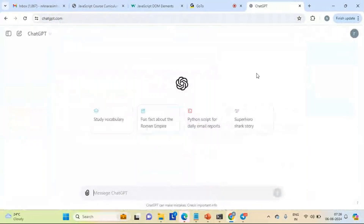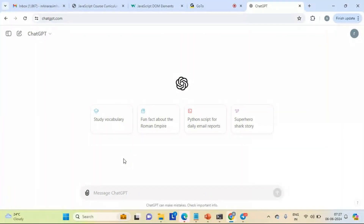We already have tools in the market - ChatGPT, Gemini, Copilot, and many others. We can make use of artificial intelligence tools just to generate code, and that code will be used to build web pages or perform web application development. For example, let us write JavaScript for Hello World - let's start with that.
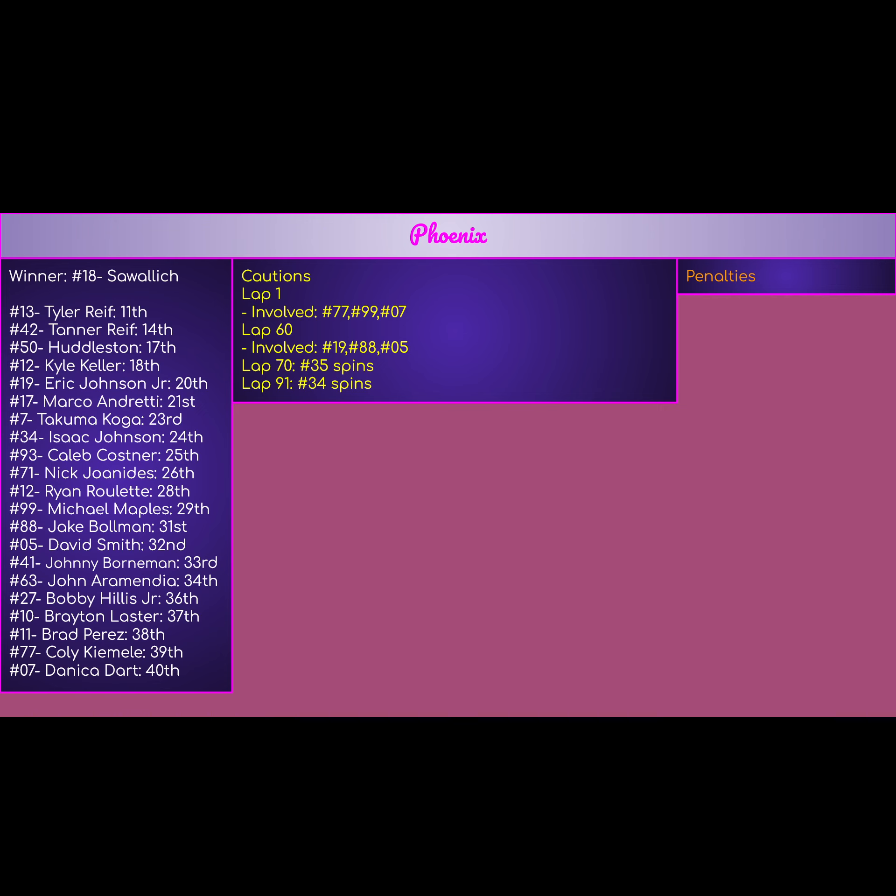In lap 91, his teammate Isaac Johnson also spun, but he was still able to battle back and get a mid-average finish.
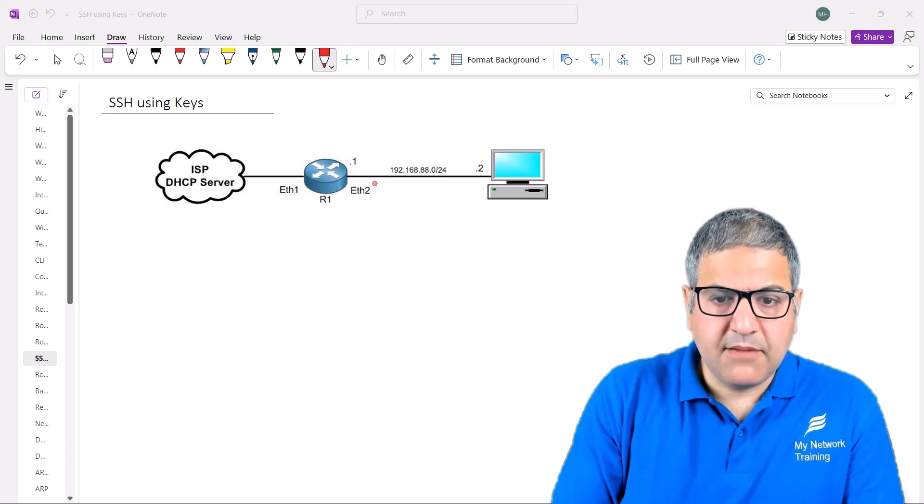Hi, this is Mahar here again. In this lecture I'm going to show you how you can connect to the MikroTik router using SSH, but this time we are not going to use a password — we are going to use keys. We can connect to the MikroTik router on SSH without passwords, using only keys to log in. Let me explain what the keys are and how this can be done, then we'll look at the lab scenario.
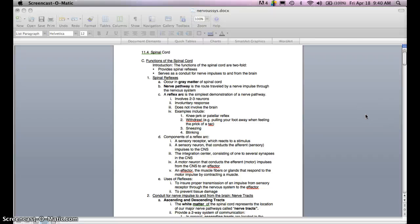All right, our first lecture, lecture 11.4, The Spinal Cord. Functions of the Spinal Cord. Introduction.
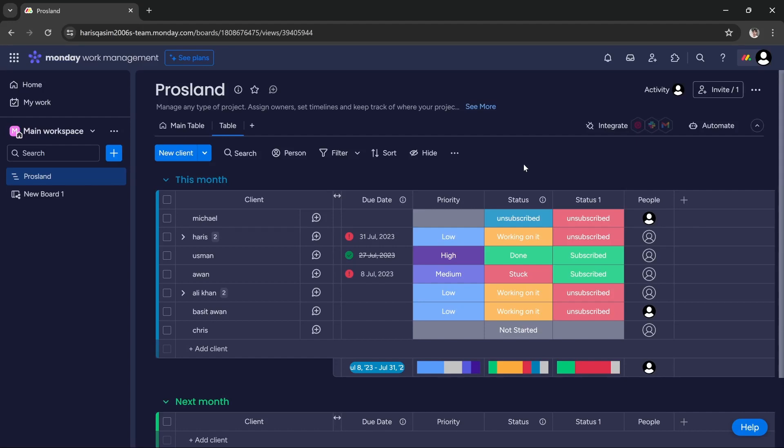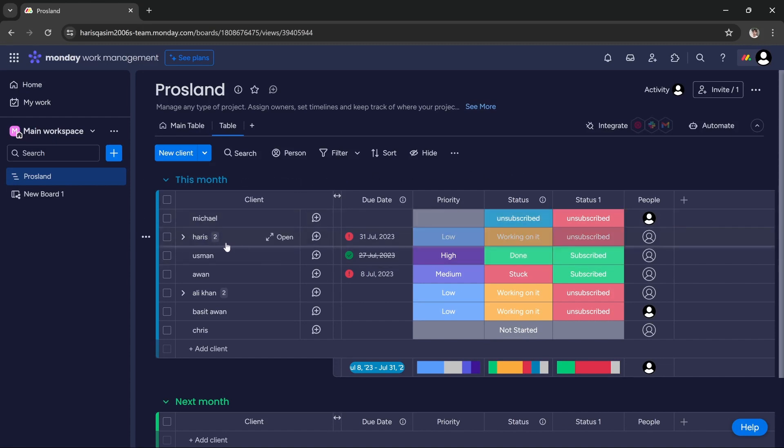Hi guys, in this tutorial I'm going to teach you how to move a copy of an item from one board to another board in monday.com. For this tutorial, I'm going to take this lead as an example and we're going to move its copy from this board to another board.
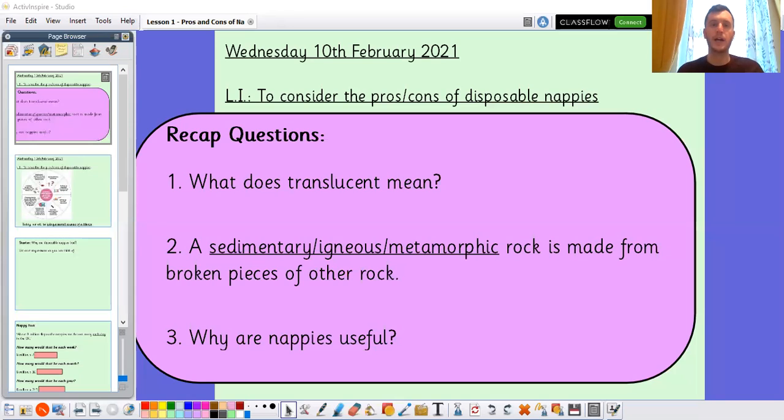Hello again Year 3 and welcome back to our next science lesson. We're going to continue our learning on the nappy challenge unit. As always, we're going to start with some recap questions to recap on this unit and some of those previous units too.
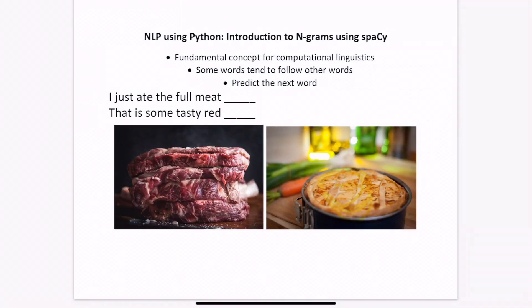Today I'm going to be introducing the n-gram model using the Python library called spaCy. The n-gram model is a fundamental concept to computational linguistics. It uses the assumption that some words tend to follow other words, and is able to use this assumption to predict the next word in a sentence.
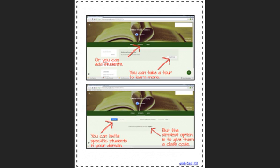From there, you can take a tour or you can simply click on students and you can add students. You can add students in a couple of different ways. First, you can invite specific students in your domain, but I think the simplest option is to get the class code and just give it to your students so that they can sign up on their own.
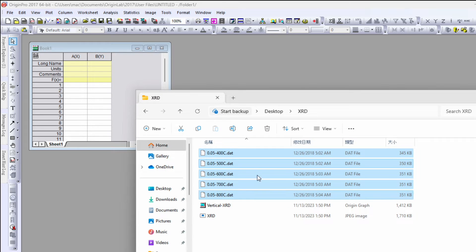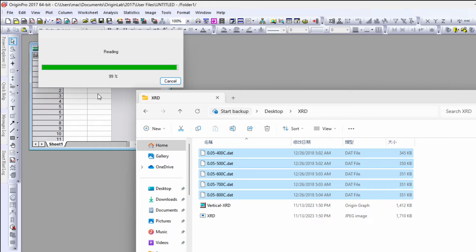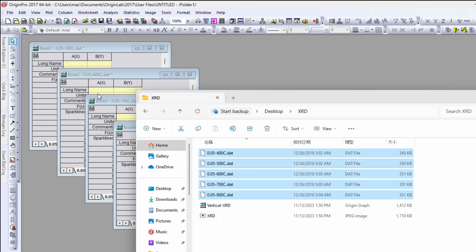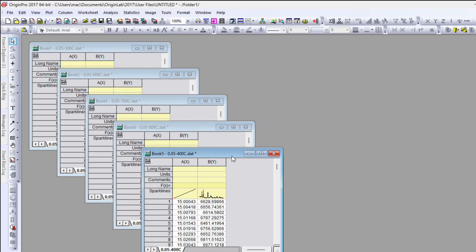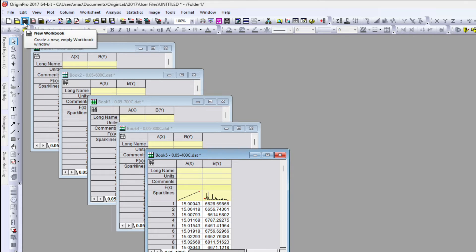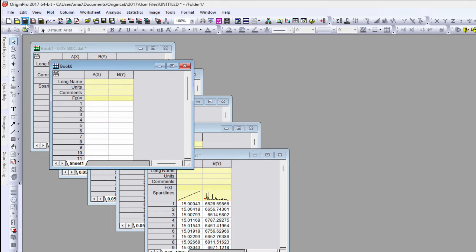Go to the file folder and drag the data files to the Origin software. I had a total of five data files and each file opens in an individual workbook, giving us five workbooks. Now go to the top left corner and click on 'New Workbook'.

....

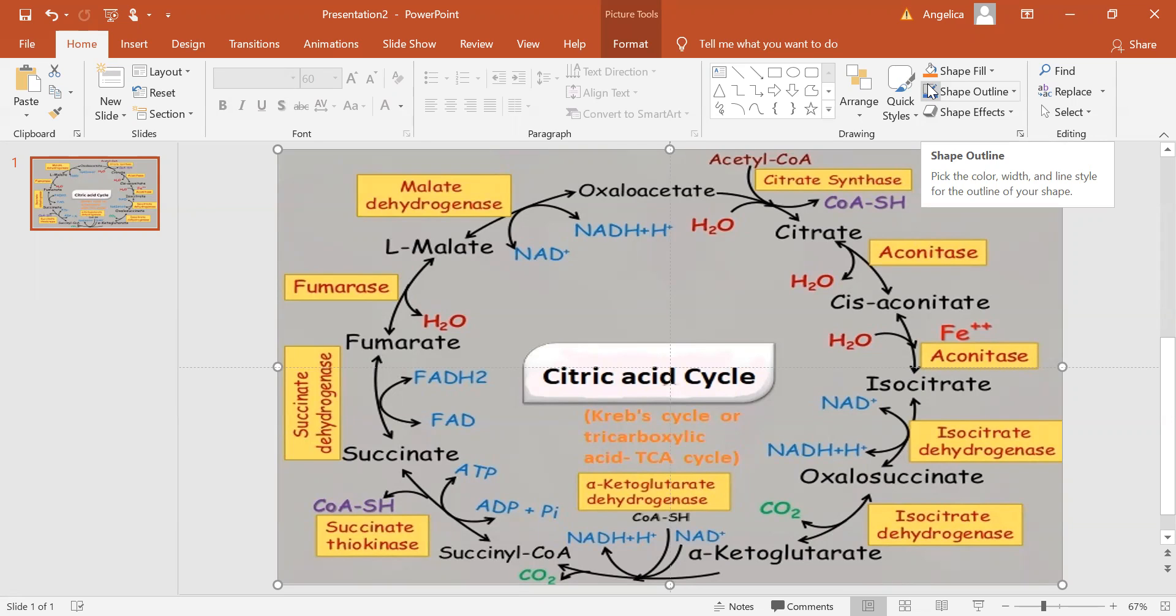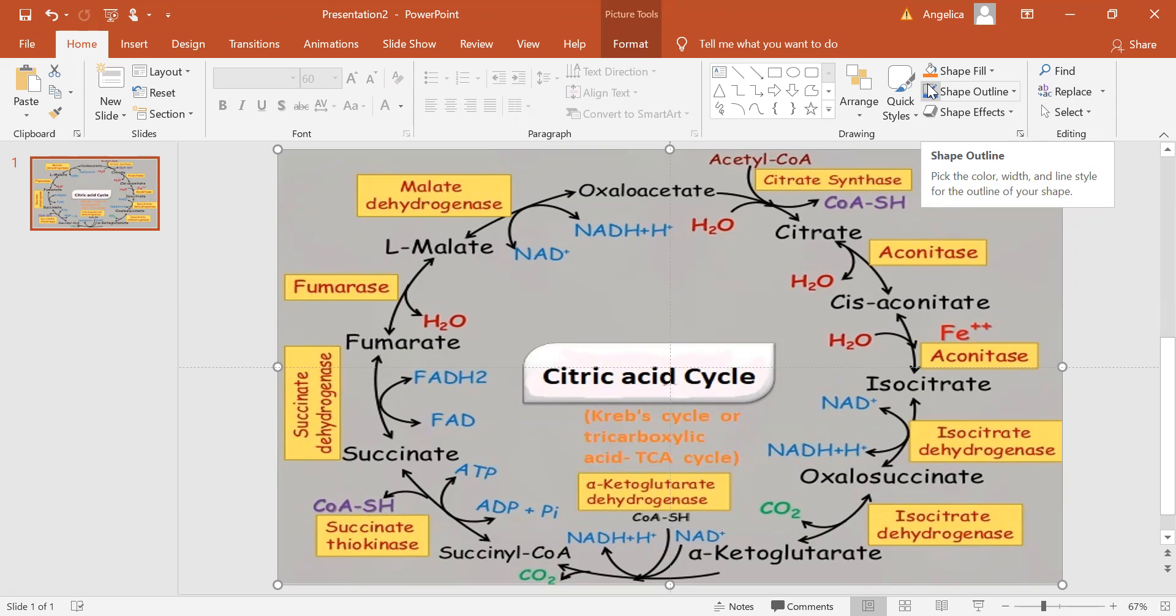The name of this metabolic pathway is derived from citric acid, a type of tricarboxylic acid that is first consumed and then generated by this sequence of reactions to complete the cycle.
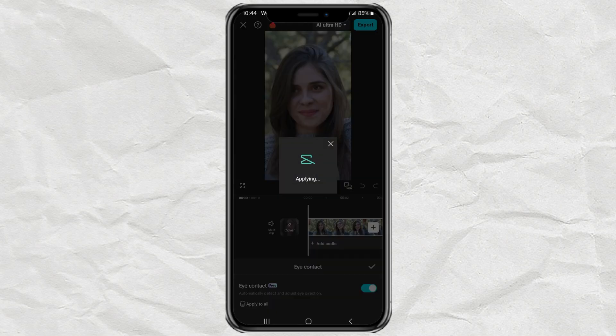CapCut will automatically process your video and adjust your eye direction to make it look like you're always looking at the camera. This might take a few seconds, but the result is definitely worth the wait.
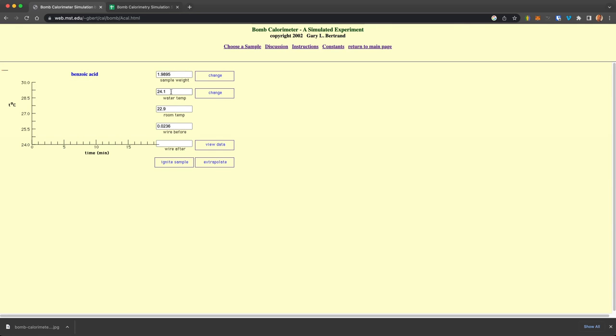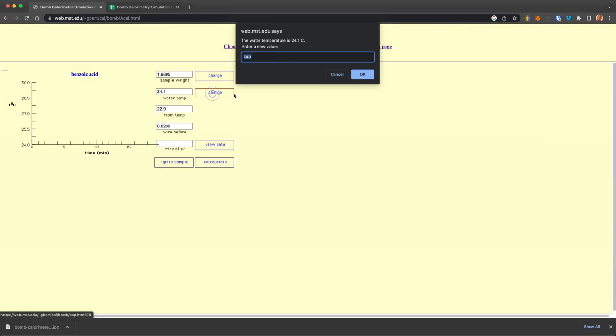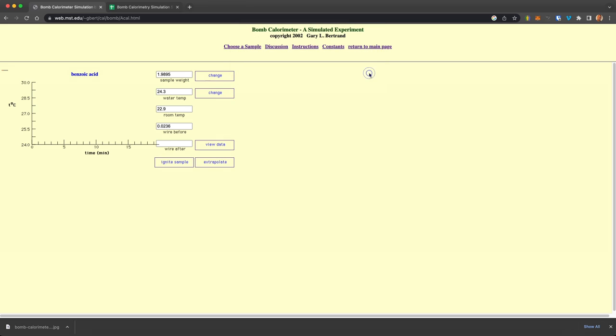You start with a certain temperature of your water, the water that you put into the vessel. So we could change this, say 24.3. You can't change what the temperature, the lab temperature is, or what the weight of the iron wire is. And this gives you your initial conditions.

....

Task description >>
Extract the part of the records that opens with the line containing "The name of" and closes with the line containing "You start with". Take only those lines, exactly, and no pictures.

Your solution >>
The name of this metabolic pathway is derived from citric acid, a type of tricarboxylic acid that is first consumed and then generated by this sequence of reactions to complete the cycle.
CapCut will automatically process your video and adjust your eye direction to make it look like you're always looking at the camera. This might take a few seconds, but the result is definitely worth the wait.
You start with a certain temperature of your water, the water that you put into the vessel. So we could change this, say 24.3. You can't change what the temperature, the lab temperature is, or what the weight of the iron wire is. And this gives you your initial conditions.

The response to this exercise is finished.